> Problem to solve
Return the data below unchanged. Drop any pictures.

[Entries taken from a collection]
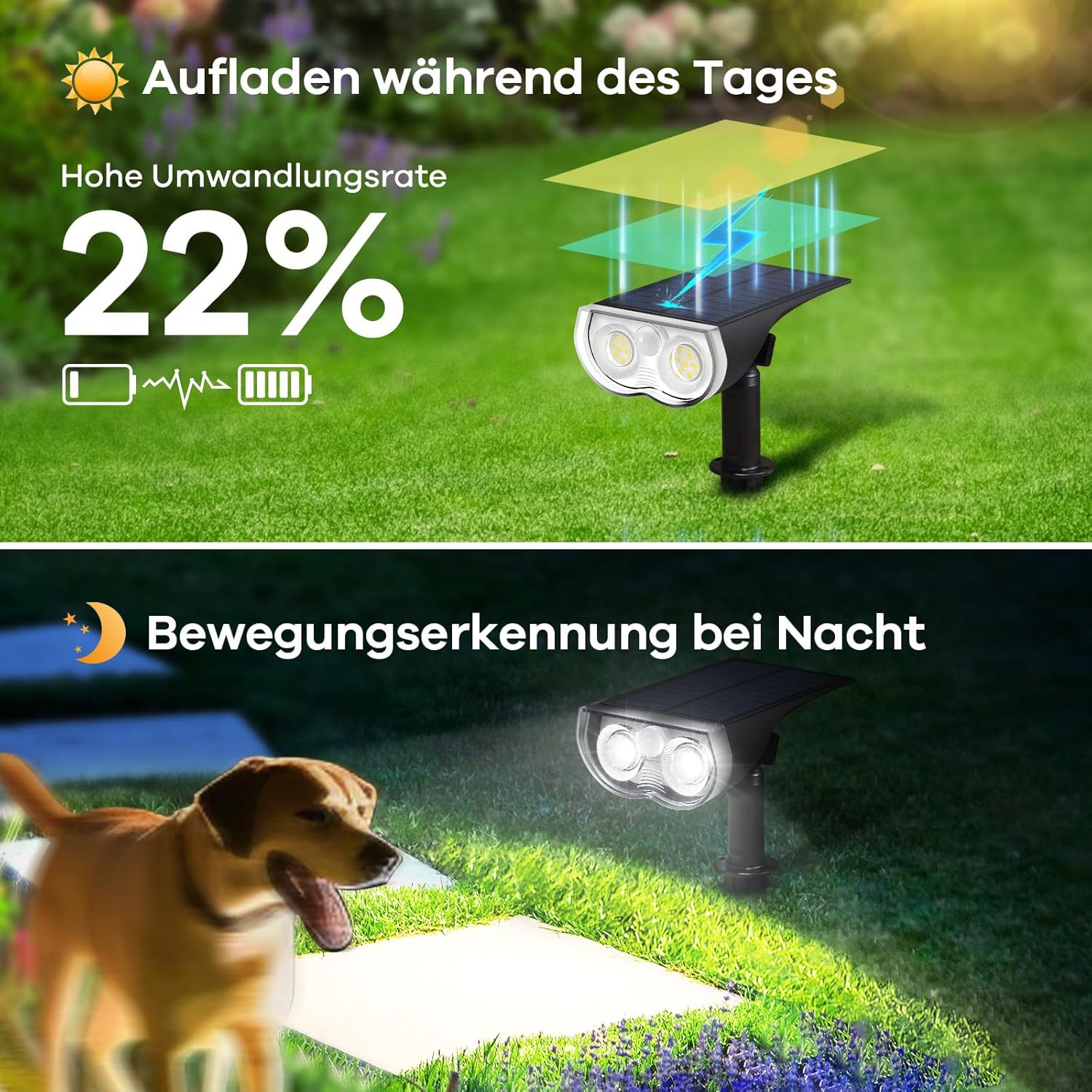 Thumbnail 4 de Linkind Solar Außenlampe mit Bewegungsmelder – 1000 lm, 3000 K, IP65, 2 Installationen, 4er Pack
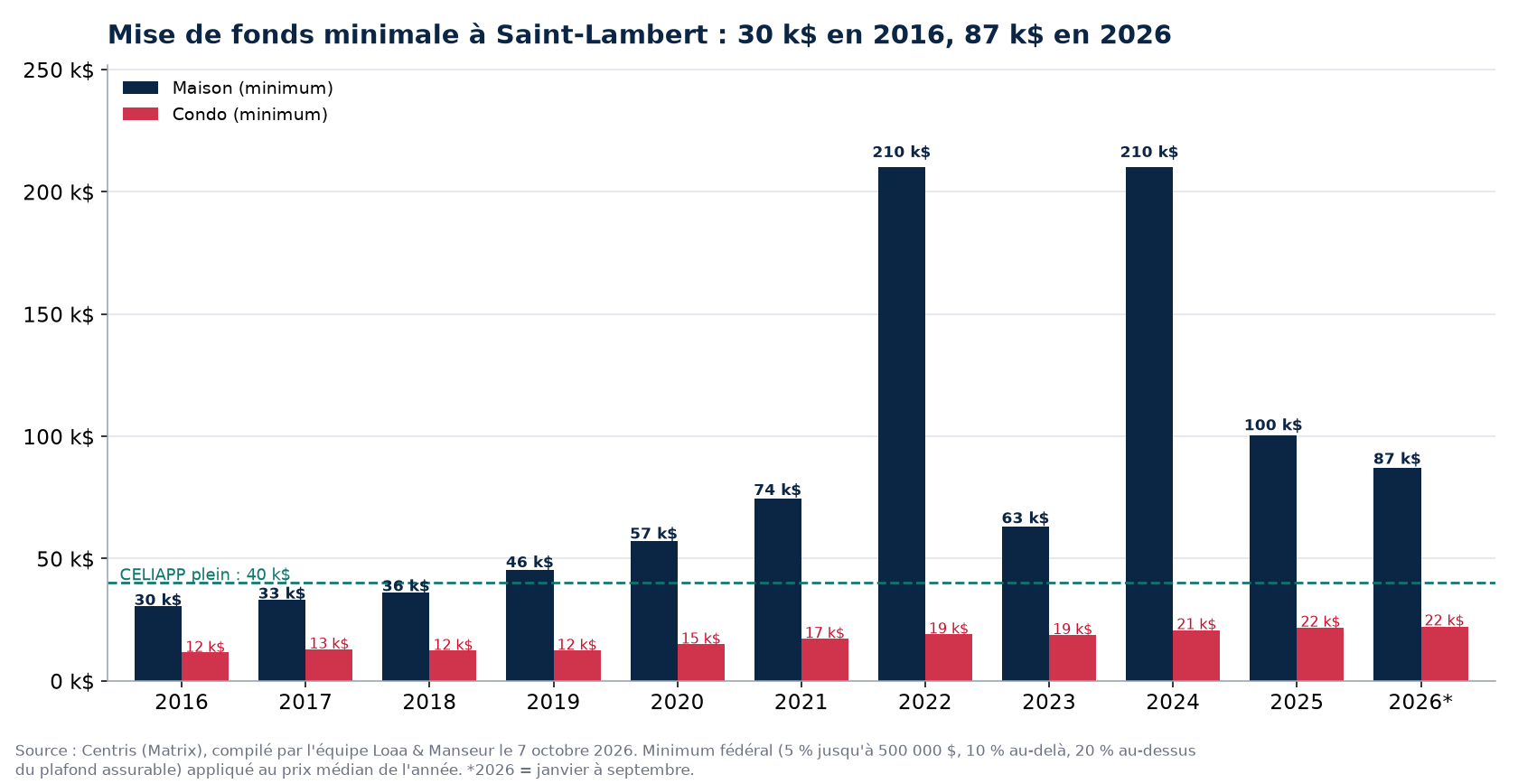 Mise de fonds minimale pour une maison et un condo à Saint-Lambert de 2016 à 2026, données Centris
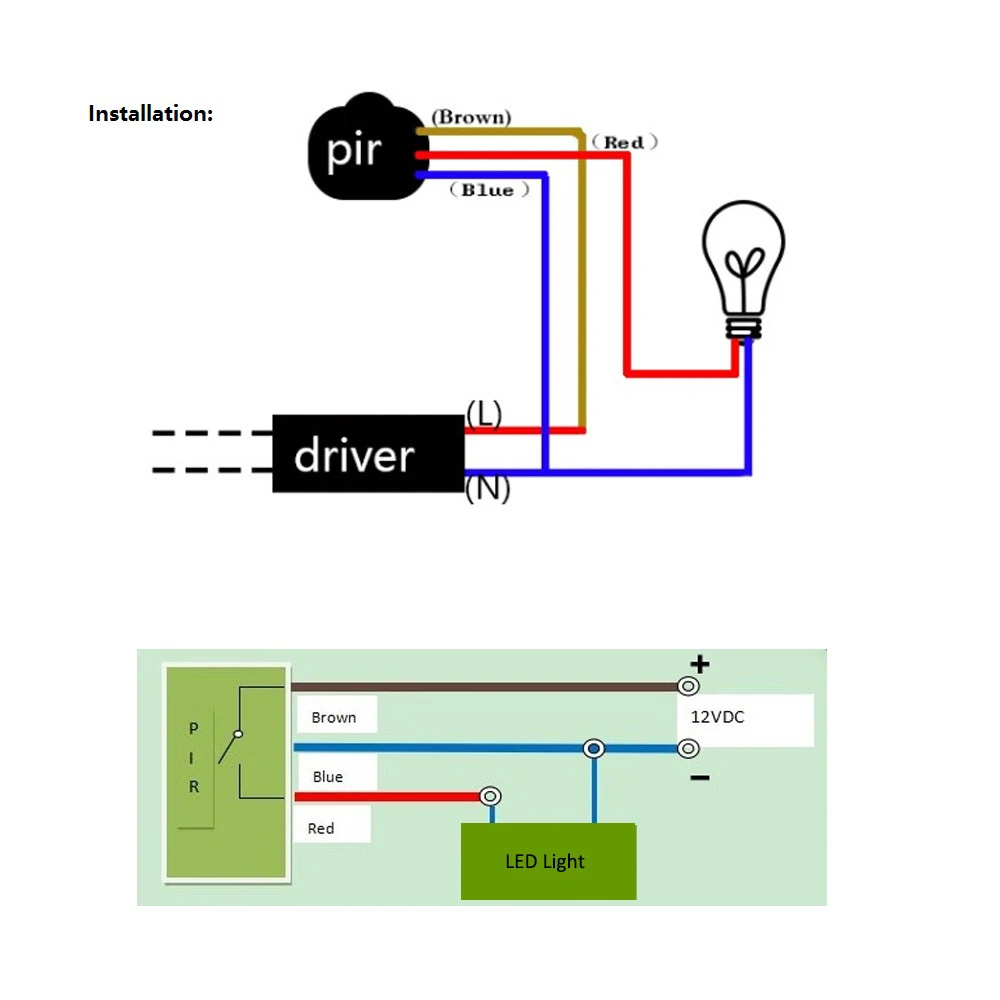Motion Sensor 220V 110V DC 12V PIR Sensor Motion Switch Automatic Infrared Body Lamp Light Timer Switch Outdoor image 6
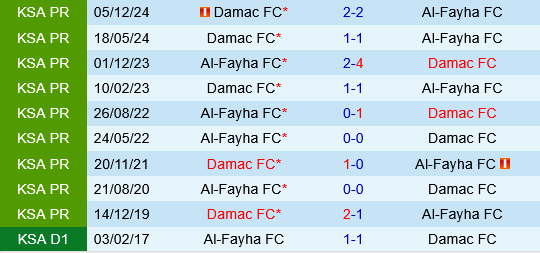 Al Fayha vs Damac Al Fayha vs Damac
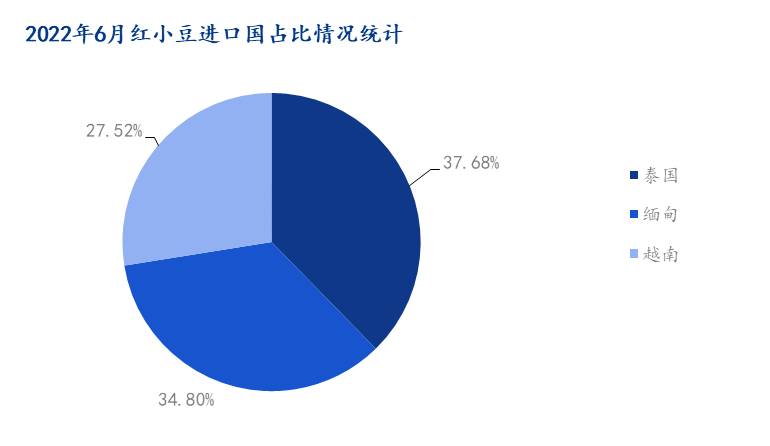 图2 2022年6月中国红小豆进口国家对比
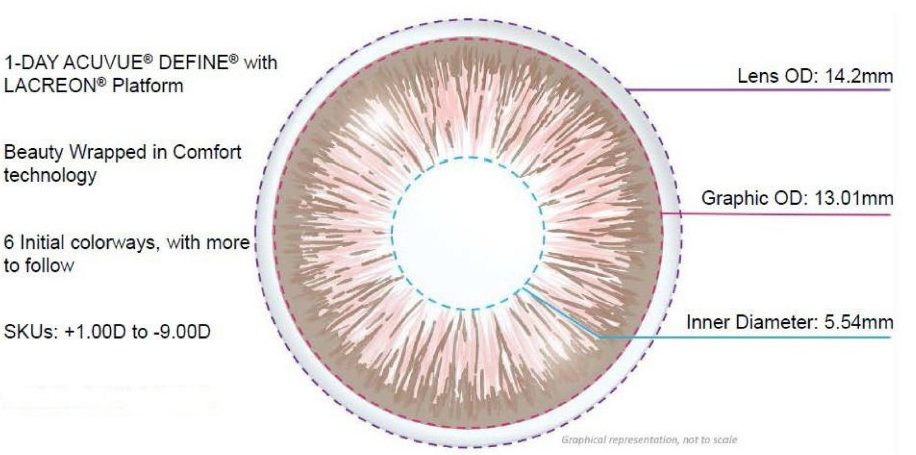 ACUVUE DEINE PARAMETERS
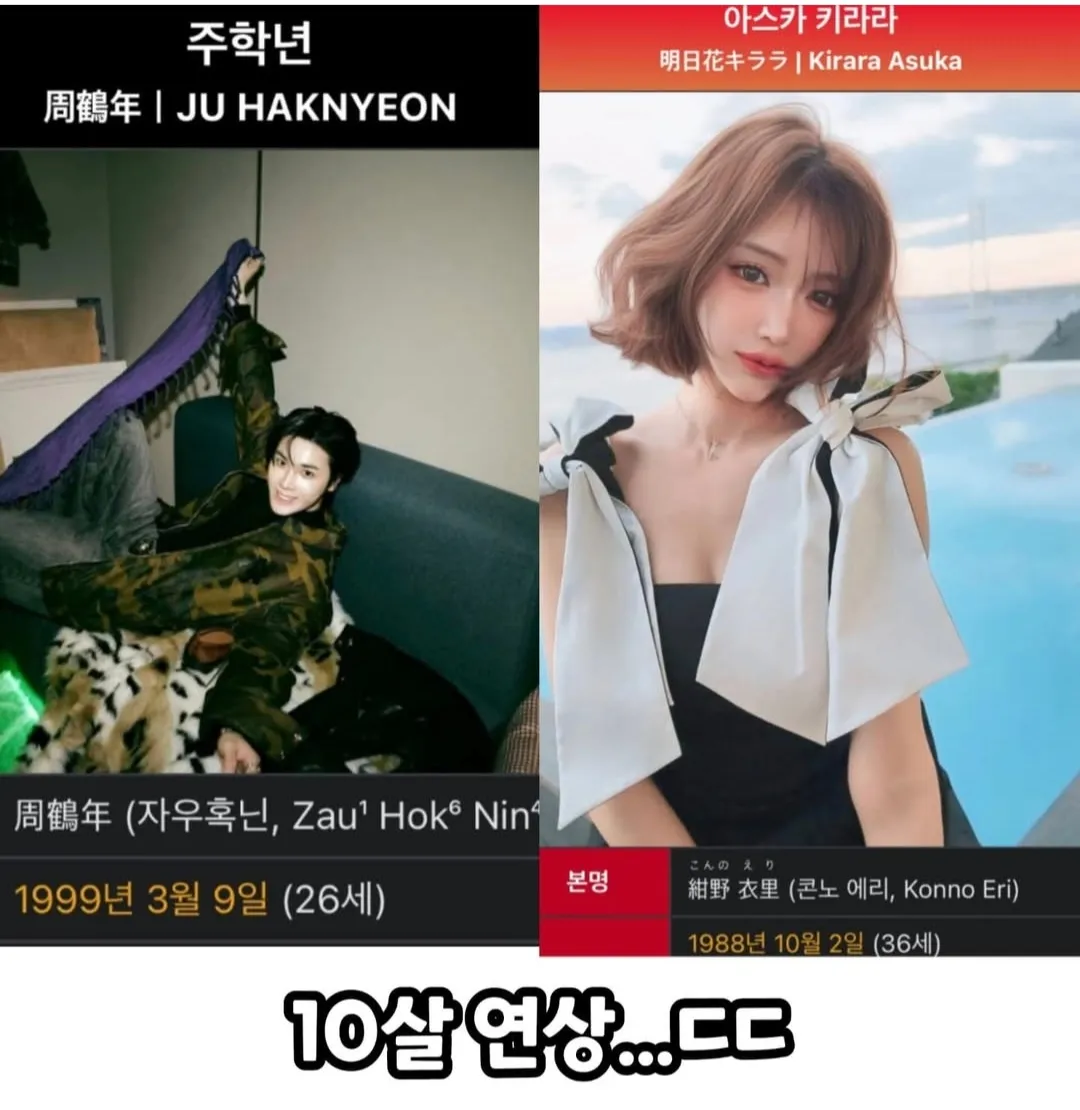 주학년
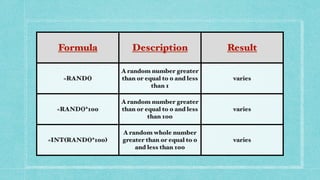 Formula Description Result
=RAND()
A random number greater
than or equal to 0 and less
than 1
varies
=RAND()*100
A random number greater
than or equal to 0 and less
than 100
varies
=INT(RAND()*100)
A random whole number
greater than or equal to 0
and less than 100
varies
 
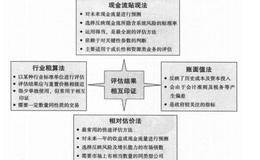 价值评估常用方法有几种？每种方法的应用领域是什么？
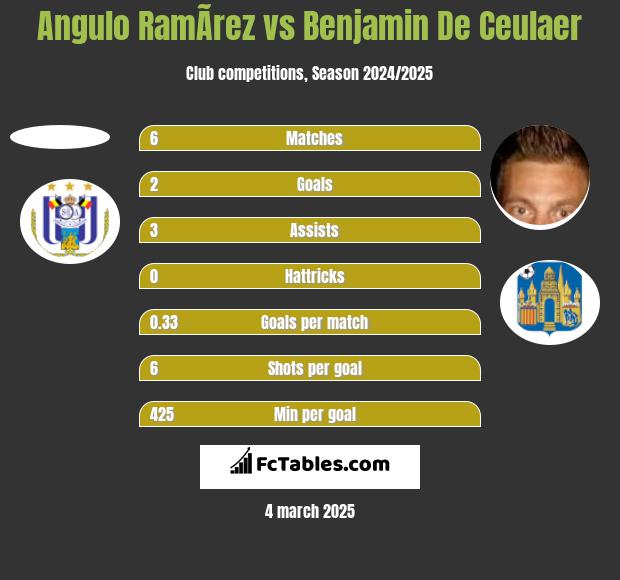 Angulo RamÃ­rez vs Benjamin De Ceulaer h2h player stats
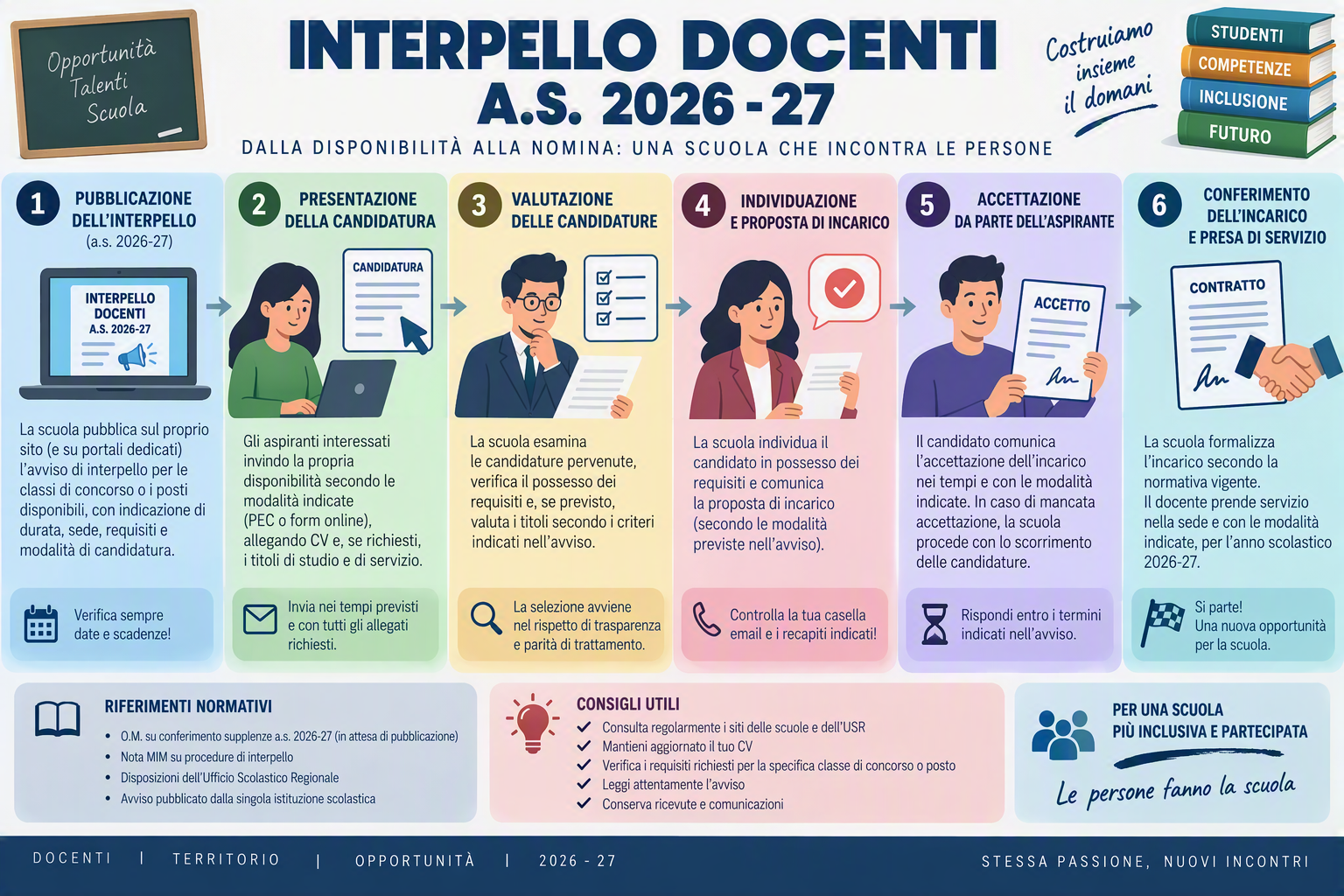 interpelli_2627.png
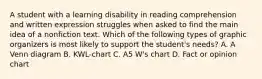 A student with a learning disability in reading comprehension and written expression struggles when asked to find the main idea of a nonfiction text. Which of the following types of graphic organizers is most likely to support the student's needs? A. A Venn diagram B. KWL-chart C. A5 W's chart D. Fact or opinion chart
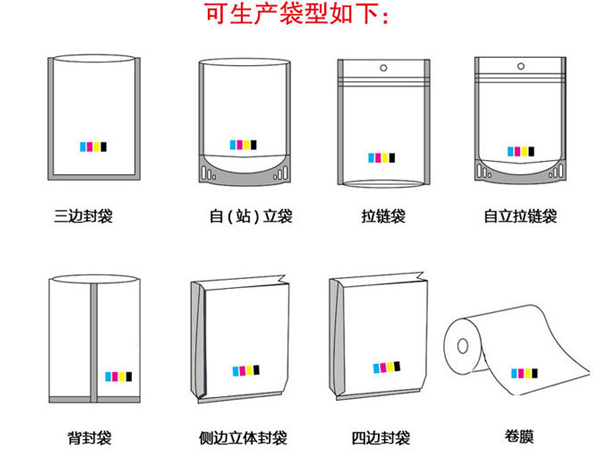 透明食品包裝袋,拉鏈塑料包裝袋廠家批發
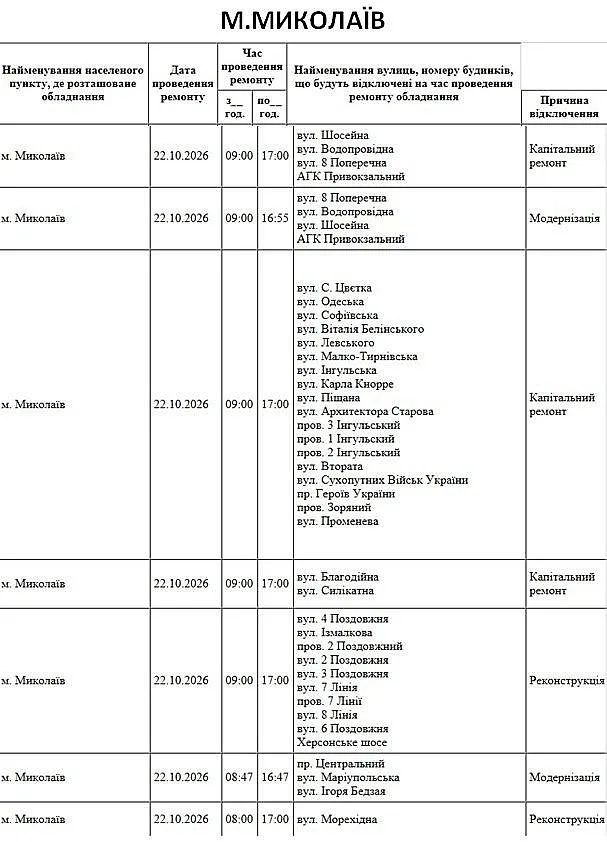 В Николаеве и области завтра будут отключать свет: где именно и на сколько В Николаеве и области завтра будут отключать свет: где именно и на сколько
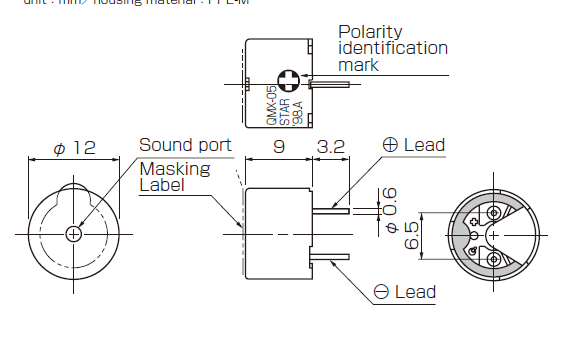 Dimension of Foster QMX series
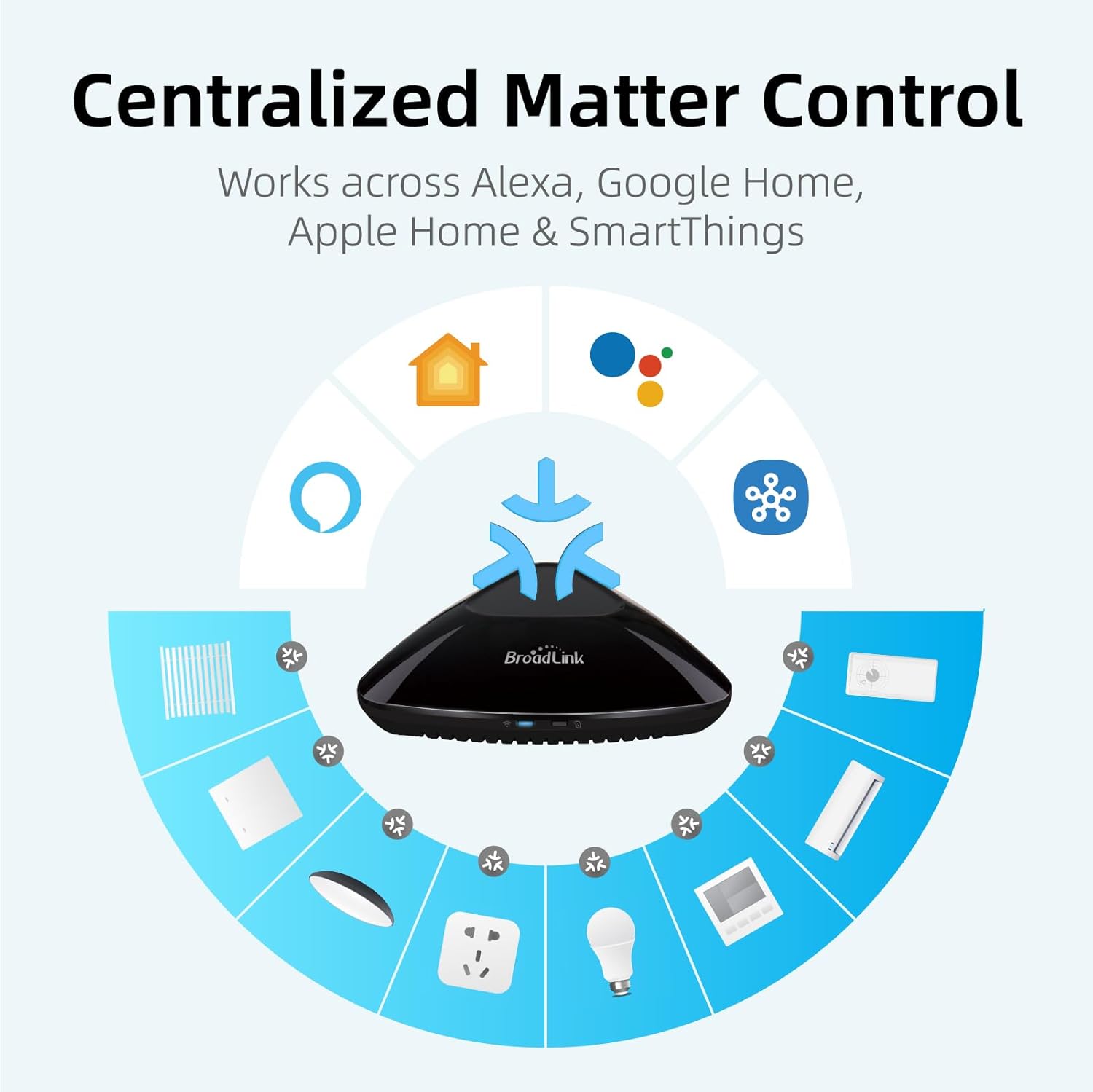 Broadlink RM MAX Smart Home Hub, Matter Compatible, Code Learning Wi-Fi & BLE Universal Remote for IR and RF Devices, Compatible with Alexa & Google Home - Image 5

> Solution
 Thumbnail 4 de Linkind Solar Außenlampe mit Bewegungsmelder – 1000 lm, 3000 K, IP65, 2 Installationen, 4er Pack
 Mise de fonds minimale pour une maison et un condo à Saint-Lambert de 2016 à 2026, données Centris
Motion Sensor 220V 110V DC 12V PIR Sensor Motion Switch Automatic Infrared Body Lamp Light Timer Switch Outdoor image 6
 Al Fayha vs Damac Al Fayha vs Damac
 图2 2022年6月中国红小豆进口国家对比
 ACUVUE DEINE PARAMETERS
 주학년
 Formula Description Result
=RAND()
A random number greater
than or equal to 0 and less
than 1
varies
=RAND()*100
A random number greater
than or equal to 0 and less
than 100
varies
=INT(RAND()*100)
A random whole number
greater than or equal to 0
and less than 100
varies
 
 价值评估常用方法有几种？每种方法的应用领域是什么？
 Angulo RamÃ­rez vs Benjamin De Ceulaer h2h player stats
 interpelli_2627.png
 A student with a learning disability in reading comprehension and written expression struggles when asked to find the main idea of a nonfiction text. Which of the following types of graphic organizers is most likely to support the student's needs? A. A Venn diagram B. KWL-chart C. A5 W's chart D. Fact or opinion chart
 透明食品包裝袋,拉鏈塑料包裝袋廠家批發
 В Николаеве и области завтра будут отключать свет: где именно и на сколько В Николаеве и области завтра будут отключать свет: где именно и на сколько
 Dimension of Foster QMX series
 Broadlink RM MAX Smart Home Hub, Matter Compatible, Code Learning Wi-Fi & BLE Universal Remote for IR and RF Devices, Compatible with Alexa & Google Home - Image 5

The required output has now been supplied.